Goodness knows I try to live with nature. I go out of my way to appreciate every little creature and its place in our wonderful complex ecology.
But these caterpillars, rather than worming their way into my heart, have crawled onto my last nerve.
When I first came to Cold Lake 1990, the town was just emerging from an infestation on a scale last seen in the Book of Exodus.
Someone told me the bugs’ life cycle brings them back every seven years. That was fine with me, because I knew I would posted out before that (and here I am, 28 years later).
It turns out they don’t come back that regularly, but once they start it can take seven years for them to reach their peak.

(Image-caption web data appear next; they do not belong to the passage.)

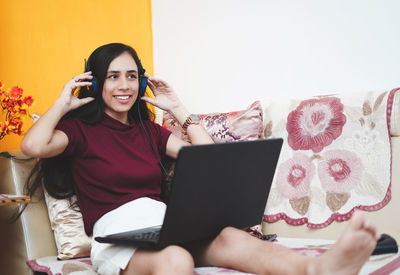 Young woman using phone while sitting on bed at home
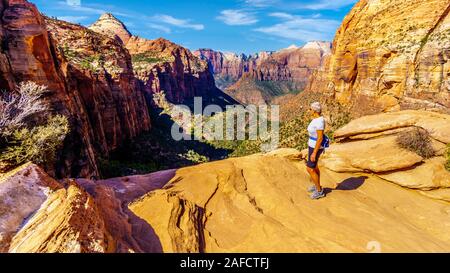 Active Senior Woman looking into Zion Canyon from the top of the Canyon Overlook Trail in Zion National Park, Utah, United States Stock Photo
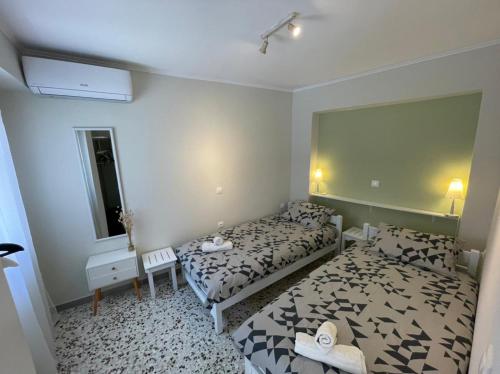 Postel nebo postele na pokoji v ubytování Vatos 2 bedroom apartment
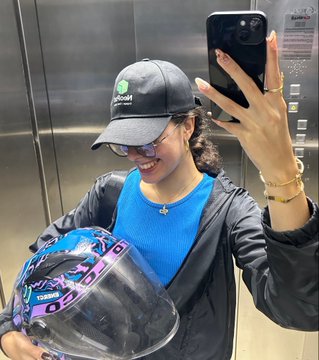A woman wearing a black cap, sunglasses, and a blue top takes a mirror selfie in an elevator while holding a blue, black, and purple motorcycle helmet.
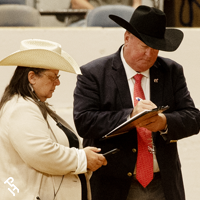 A judge signing the scribe sheet.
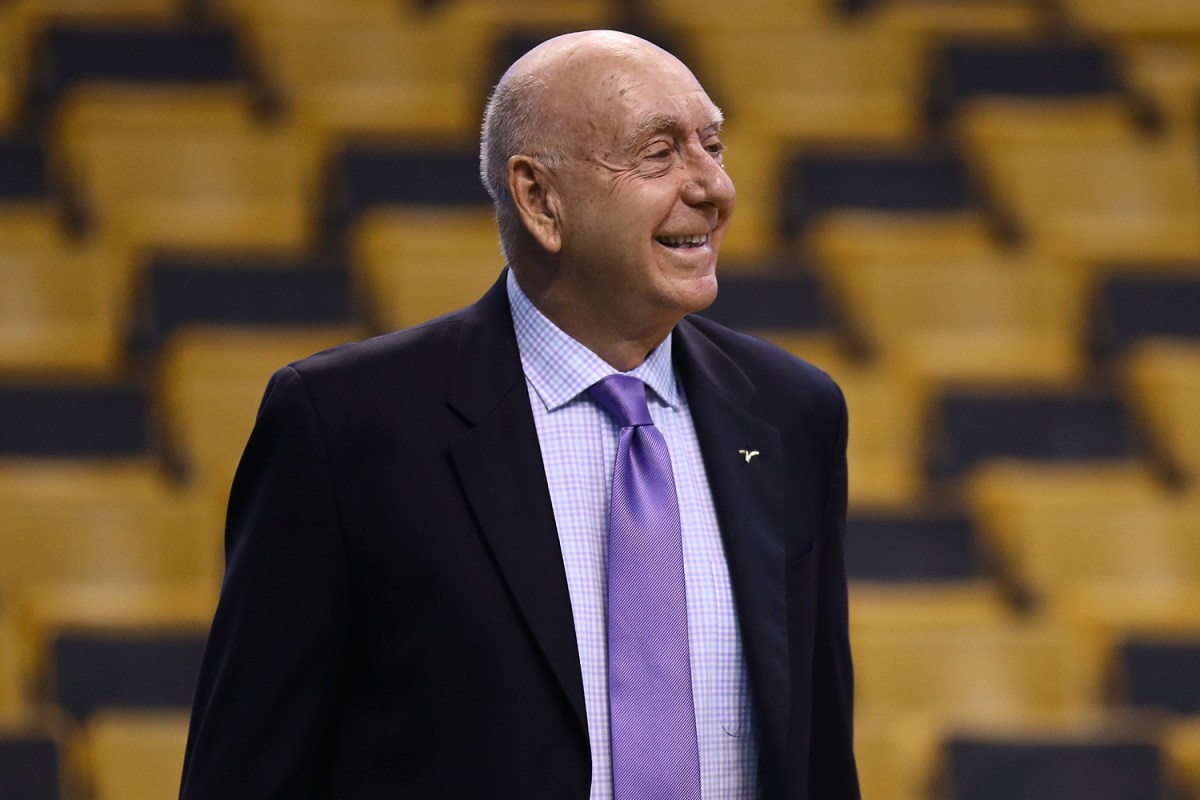 Sportscaster Dick Vitale in 2018 dressed in a suit with a purple tie before a game between the Boston Celtics and the LA Clippers at TD Garden.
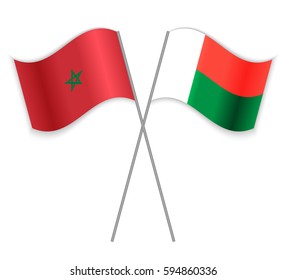 Moroccan and Malagasy crossed flags. Morocco combined with Madagascar isolated on white. Language learning, international business or travel concept.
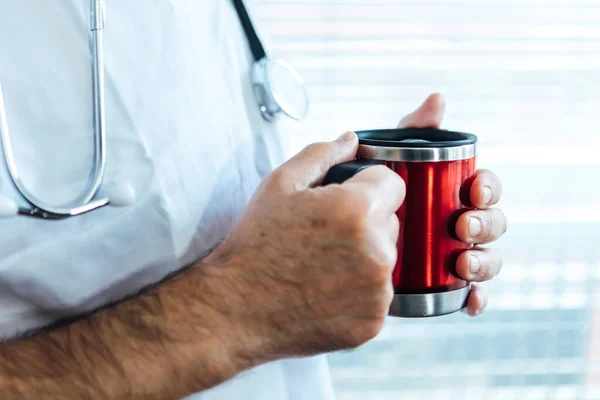 Mature male doctor - nurse having coffee in a hospital window. Covid-19 and medicine concept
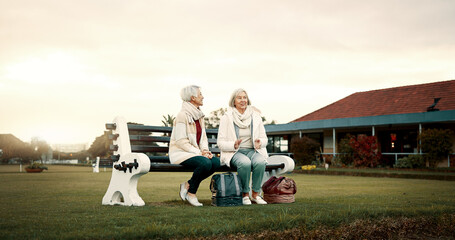 Talking, senior friends and at a club for sports, fitness break and sitting together after exercise. Happy, relax and elderly women on a field bench for conversation, retirement hobby or activity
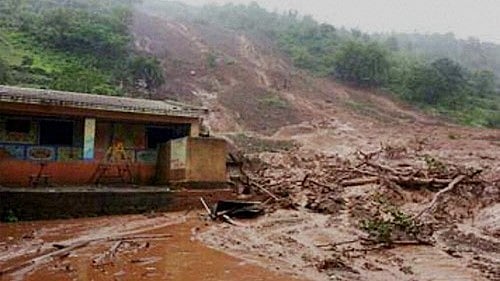 <div class="paragraphs"><p>File photo showing landslides that claimed 10 lives in Karimganj and Hailakandi districts in Barak Valley, in 2022.</p></div>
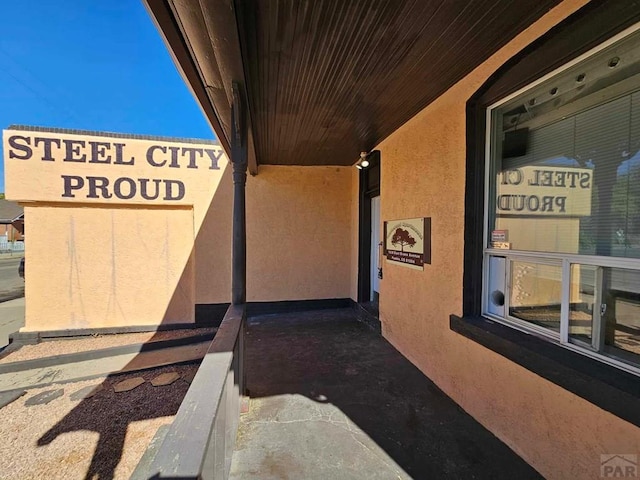 exterior space featuring stucco siding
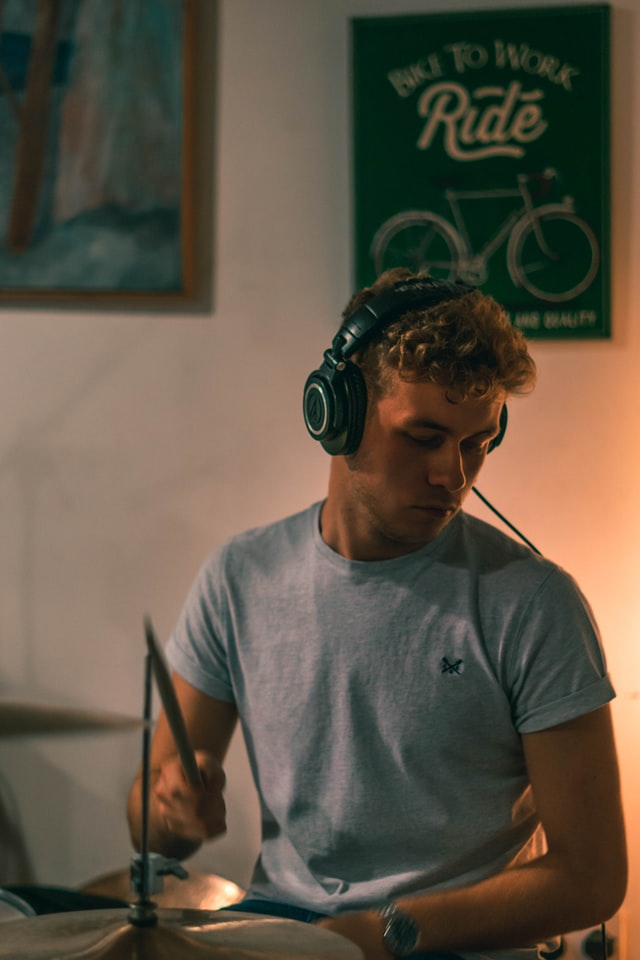 Mężczyzna w słuchawkach i w szarek koszulce gra na perkusji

This worm storm has been gathering for a few years, so I hope they’ve peaked. We wait all through a long winter to see green leafy trees, so it’s demoralizing to see bare branches in June. I’ve got caterpillars by the thousands in my shrubs and trees, in my flower beds, on my house, even on the poor family dog.
They will soon spin their cocoons and, by nature’s miracle, will emerge transformed into beautiful grey-brown moths. The moths only live about five days, but they don’t leave this mortal coil before laying a few billion eggs — next year’s caterpillars.
Anyway, this year’s caterpillar invasion is almost done, and in a couple of weeks we’ll be so busy happily swatting mosquitoes and horseflies, we’ll hardly remember it.